Below are entries; repeat exactly, and nothing else, the lines from the one holding "A compact kitchen" through the one holding "Letto o letti", inclusive. Leave the pictures out.

(DATASET)

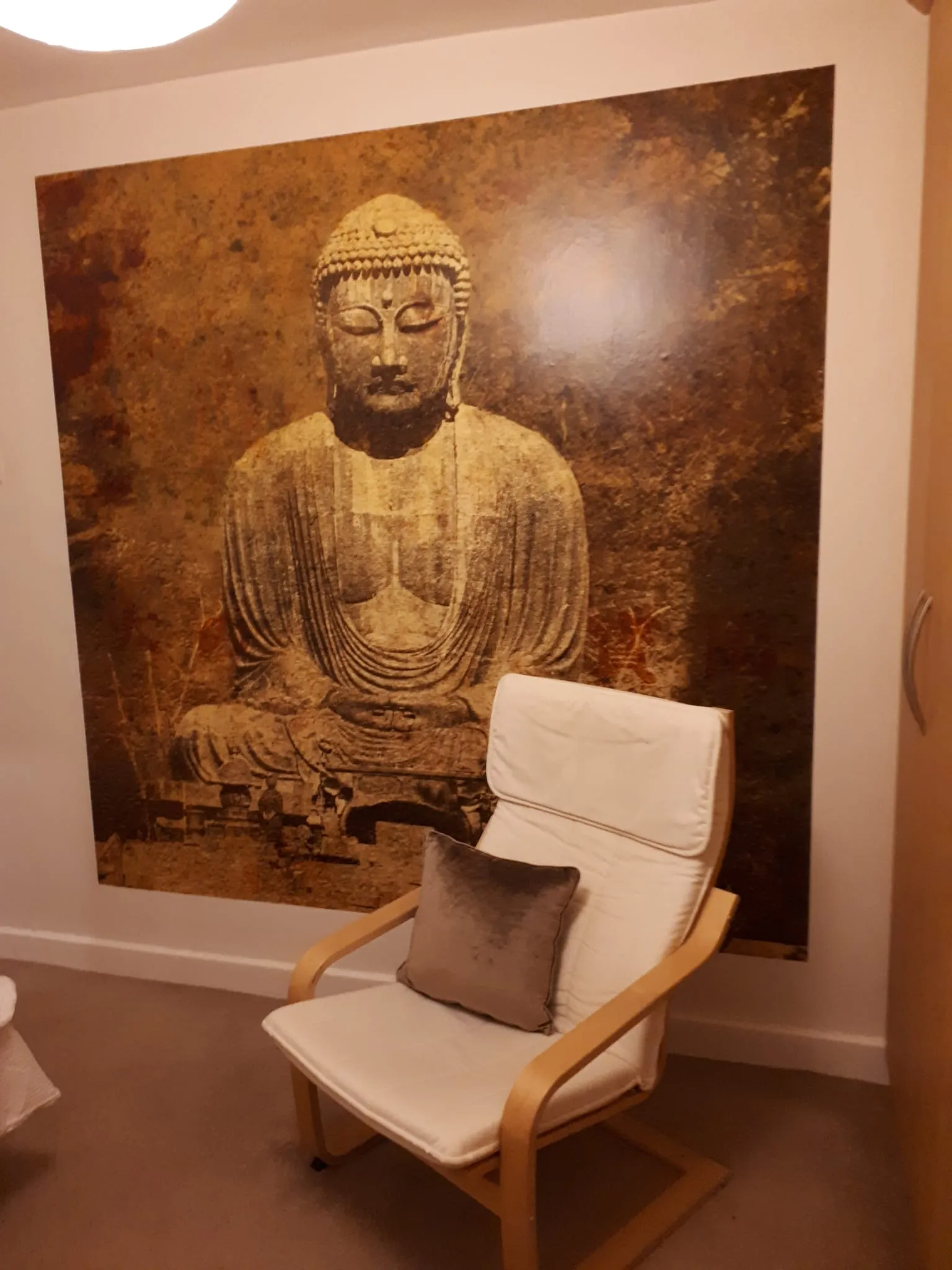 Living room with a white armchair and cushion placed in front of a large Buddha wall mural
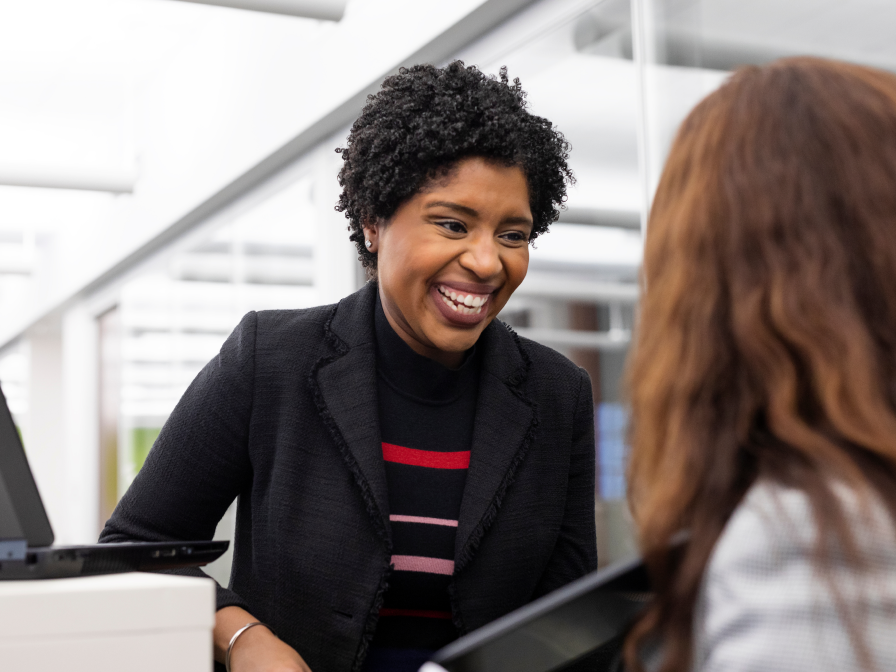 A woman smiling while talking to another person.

(End DATASET)
(DATASET)

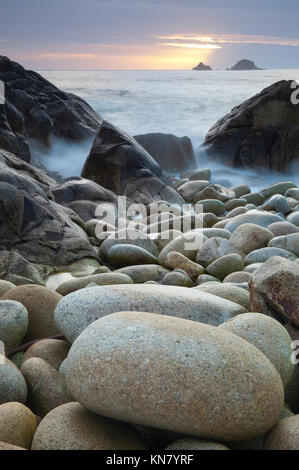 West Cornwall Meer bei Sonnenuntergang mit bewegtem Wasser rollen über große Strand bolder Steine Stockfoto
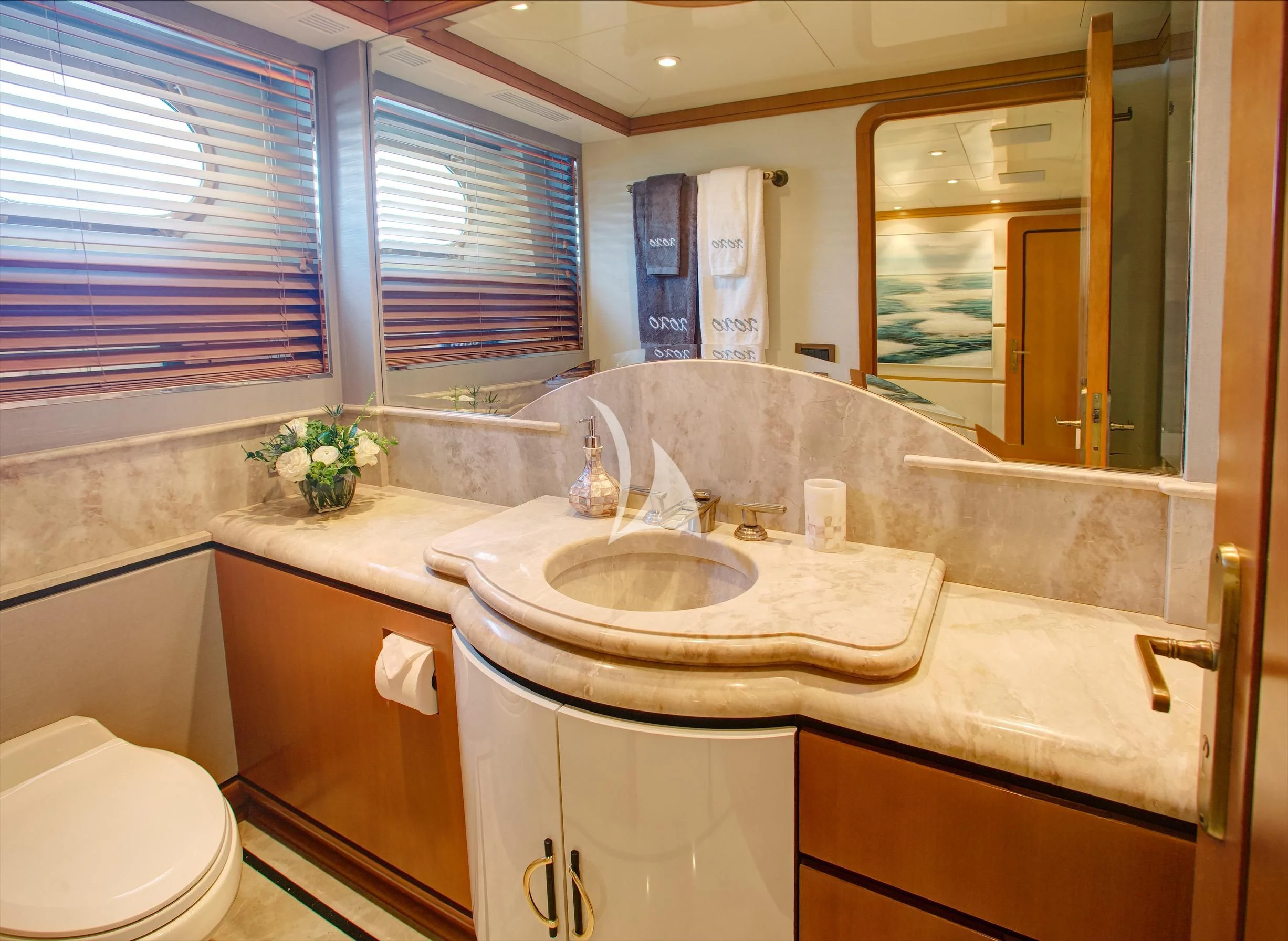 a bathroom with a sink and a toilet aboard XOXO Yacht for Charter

(End DATASET)
(DATASET)

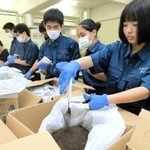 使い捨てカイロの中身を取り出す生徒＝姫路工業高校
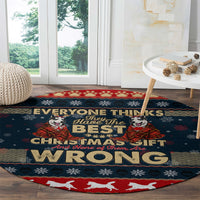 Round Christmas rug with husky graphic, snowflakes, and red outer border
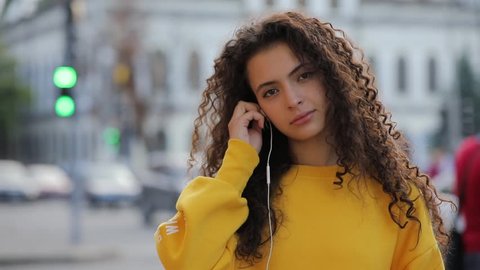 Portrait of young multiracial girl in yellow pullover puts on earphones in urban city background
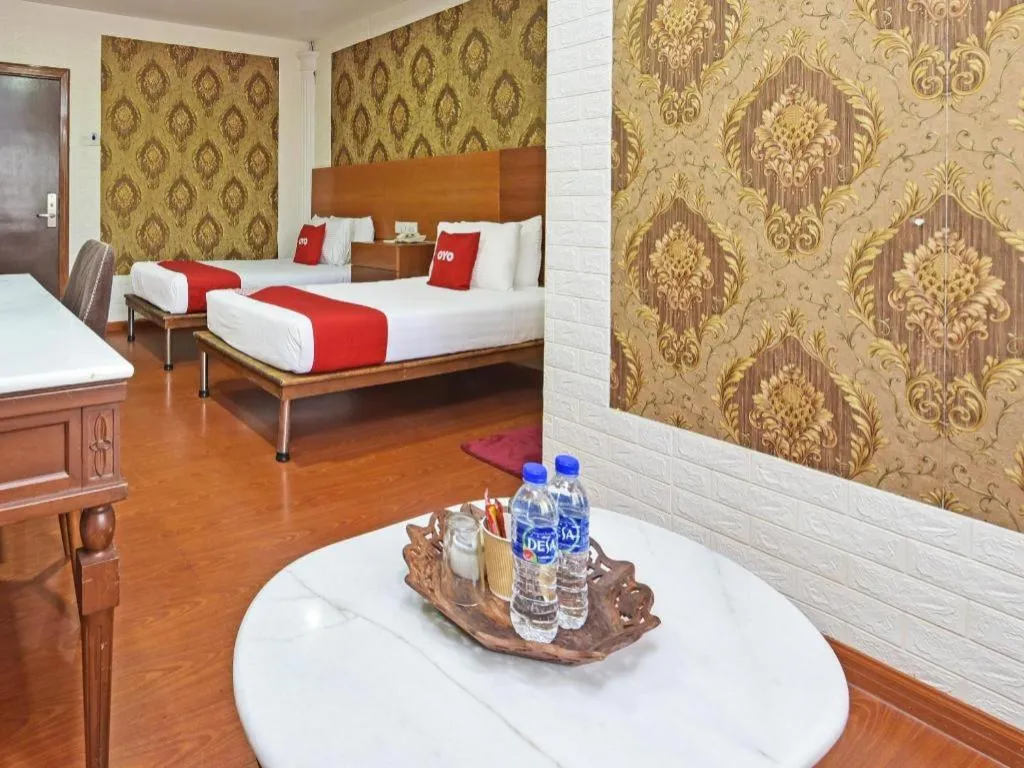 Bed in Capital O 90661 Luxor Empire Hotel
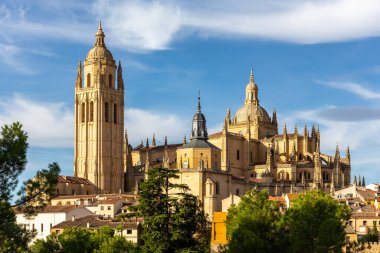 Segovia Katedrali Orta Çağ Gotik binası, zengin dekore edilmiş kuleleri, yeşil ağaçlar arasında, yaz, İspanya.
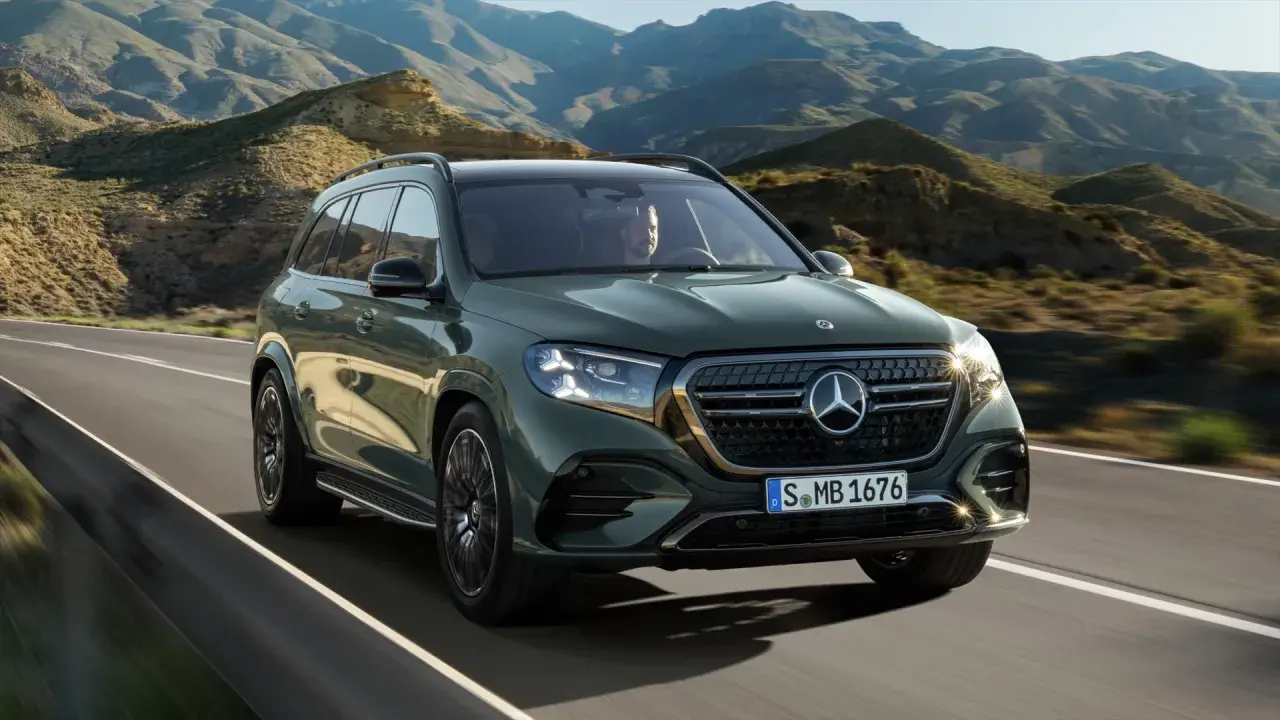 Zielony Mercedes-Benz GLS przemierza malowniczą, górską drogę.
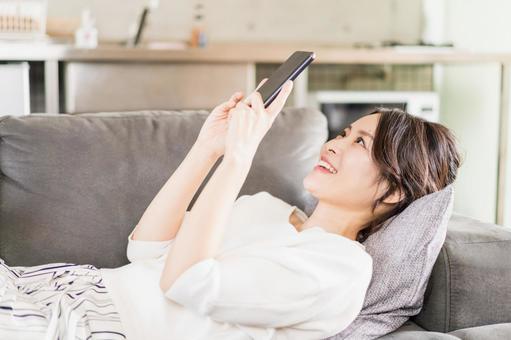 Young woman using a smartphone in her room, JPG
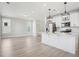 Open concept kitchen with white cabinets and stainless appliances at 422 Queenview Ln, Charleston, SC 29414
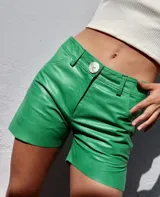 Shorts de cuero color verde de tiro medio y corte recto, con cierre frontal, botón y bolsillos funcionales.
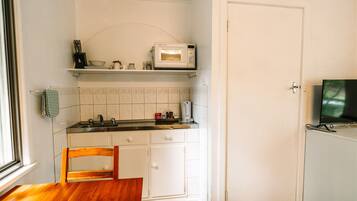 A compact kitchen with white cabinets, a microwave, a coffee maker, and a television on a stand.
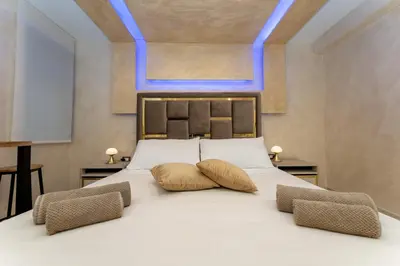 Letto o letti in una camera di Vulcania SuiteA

(End DATASET)

◆ FINAL ANSWER
 A compact kitchen with white cabinets, a microwave, a coffee maker, and a television on a stand.
 Letto o letti in una camera di Vulcania SuiteA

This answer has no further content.